Reported operating margin was 11.4%, compared to 11.2% last year. The adjusted effective tax rate was 22% for the quarter, lower than last year due to changes in income within various tax jurisdictions and certain favorable discrete items in the current period. Our reported effective tax rate was 19.5%.
Inventory was down 7.6% at the end of Q3 versus last year, and better than projected entering the quarter. We established a plan last fall to responsibly manage down inventory levels without taking unnecessary markdowns on core product, and the team has executed very well against this goal. We are pleased with the progress to date and expect to end 2016 with inventory down in the low teens versus last year.

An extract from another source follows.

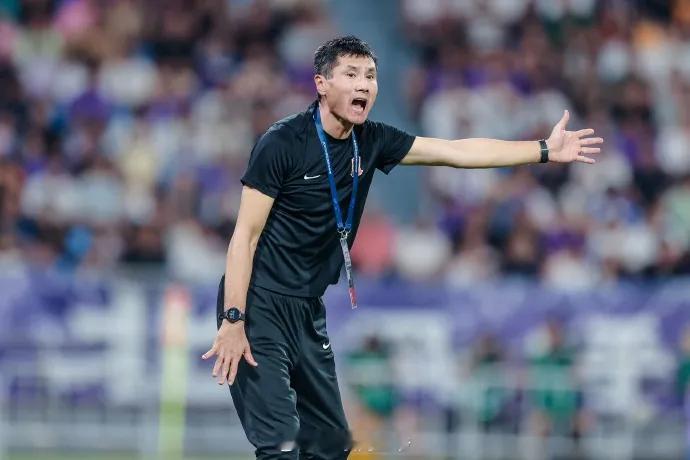 邵佳一将出任国足主帅  邵佳一确认当选中国国家队新任主帅。本赛季中超，邵佳一执教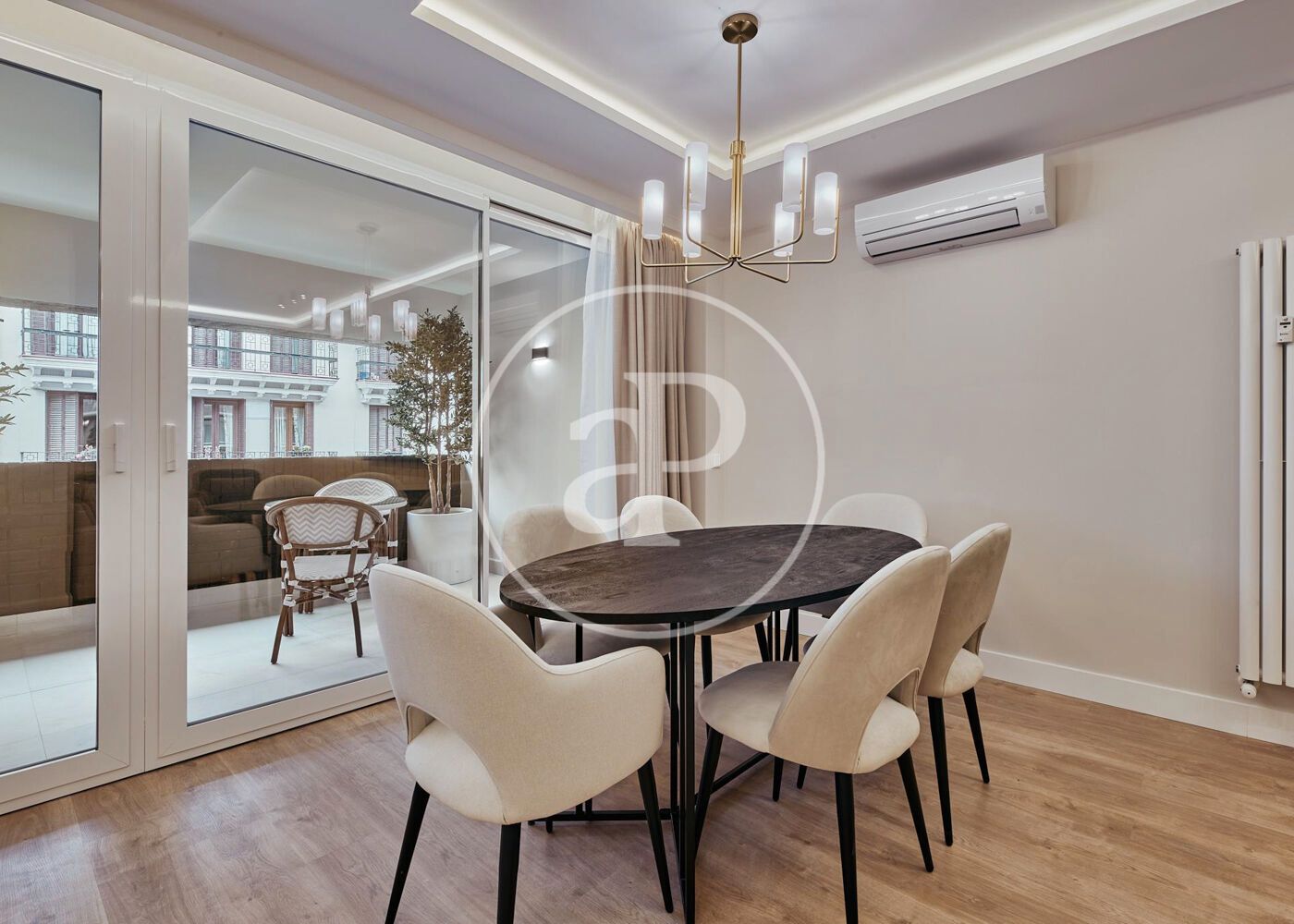 Menjador de Pis en venda en  Madrid Capital amb Aire condicionat, Calefacció i Terrassa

Accounts receivable were also down at quarter end, with DSOs improving by more than two days.
Operating activities generated a very strong $70.4 million in cash during Q3, compared to $14.9 million in the prior year. Overall, we are pleased with our ability to effectively manage working capital and now expect to generate approximately $250 million in cash from operating activities for the full year.
The Company finished the third quarter with net debt of $521.5 million, down nearly $100 million year-over-year. We recently shared details on our new debt structure, which is expected to drive material benefits in the form of an estimated $30 million in interest savings through 2020 and increased flexibility for use of cash.
The debt refinancing included the following activities: the issuance of $250 million of 5% senior notes in Q3, due in 2026; the amendment of our senior credit facility in early Q4, which provides $150 million of incremental term loans and $100 million of incremental capacity under the revolving credit facility; and the redemption in Q4 of $375 million of 6 1/8% senior notes, due in 2020.
We also announced a new four-year $300 million share repurchase program replacing our previous authorization. The new program, together with more flexible debt covenants, allows for greater capacity for share repurchases. During Q3, we repurchased nearly 418,000 shares at an average price of $23.55 per share.
Our priorities for cash remain the same: Drive organic growth, primarily through investments in product innovation, consumer engagement, and insights, e-commerce, and omnichannel growth and demand creation; return value to shareholders through share repurchases and consistent dividends; pay down our debt; and pursue potential value-enhancing acquisitions.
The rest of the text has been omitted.